— TASK ITEM —
Please return the listing exactly as it stands, skipping any pictures.
[Opening GIVEN INFORMATION section]
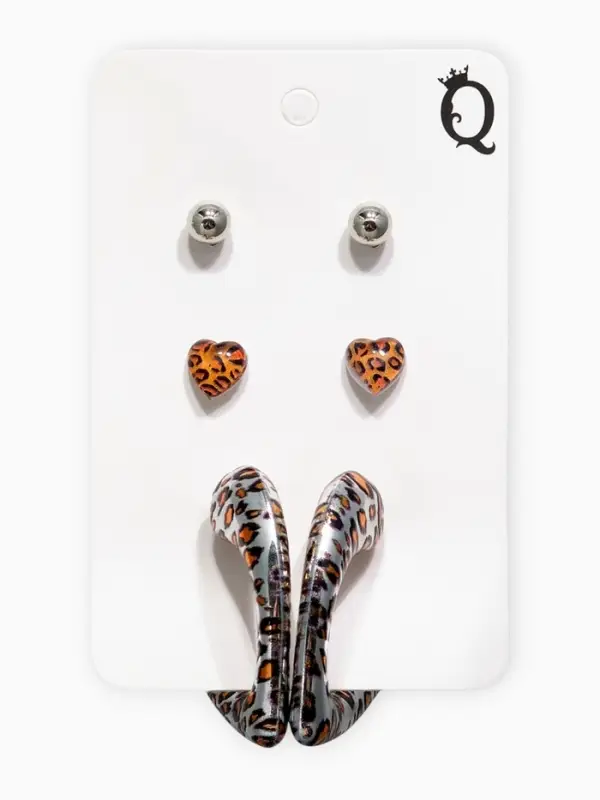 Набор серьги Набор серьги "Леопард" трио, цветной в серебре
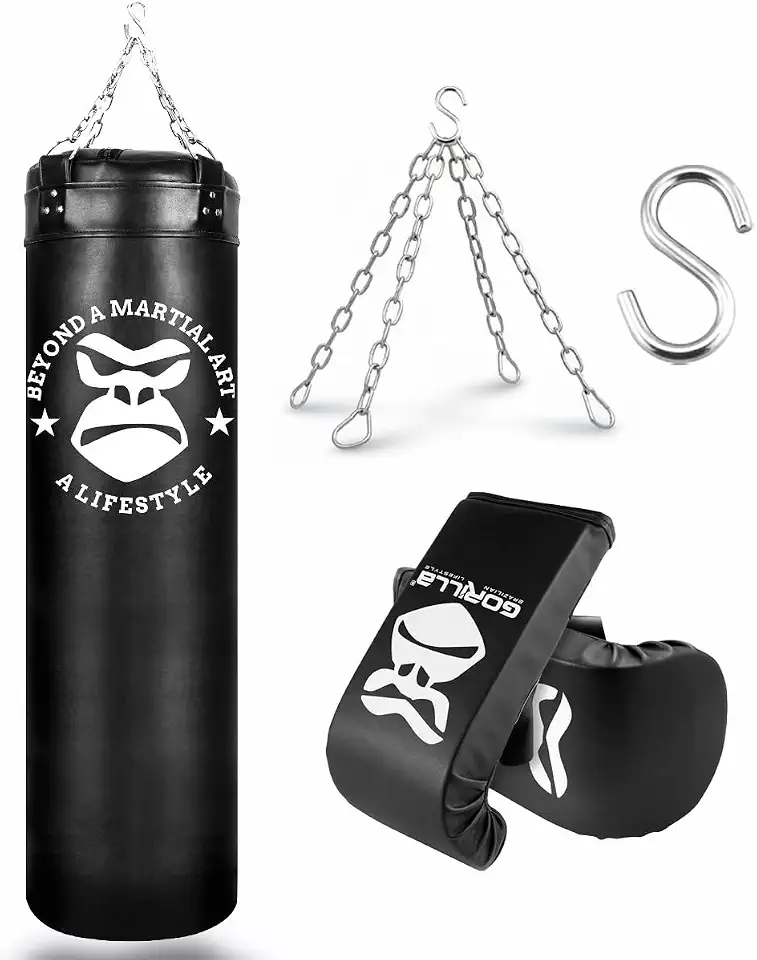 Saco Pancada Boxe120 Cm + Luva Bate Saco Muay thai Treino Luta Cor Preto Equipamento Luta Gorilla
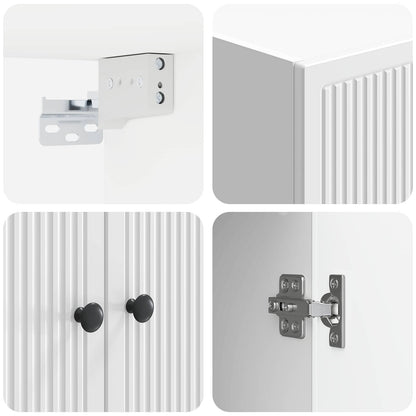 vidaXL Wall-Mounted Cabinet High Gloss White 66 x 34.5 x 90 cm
[Closing GIVEN INFORMATION section]
— THE COMPLETED TASK —
 Набор серьги Набор серьги "Леопард" трио, цветной в серебре
 Saco Pancada Boxe120 Cm + Luva Bate Saco Muay thai Treino Luta Cor Preto Equipamento Luta Gorilla
 vidaXL Wall-Mounted Cabinet High Gloss White 66 x 34.5 x 90 cm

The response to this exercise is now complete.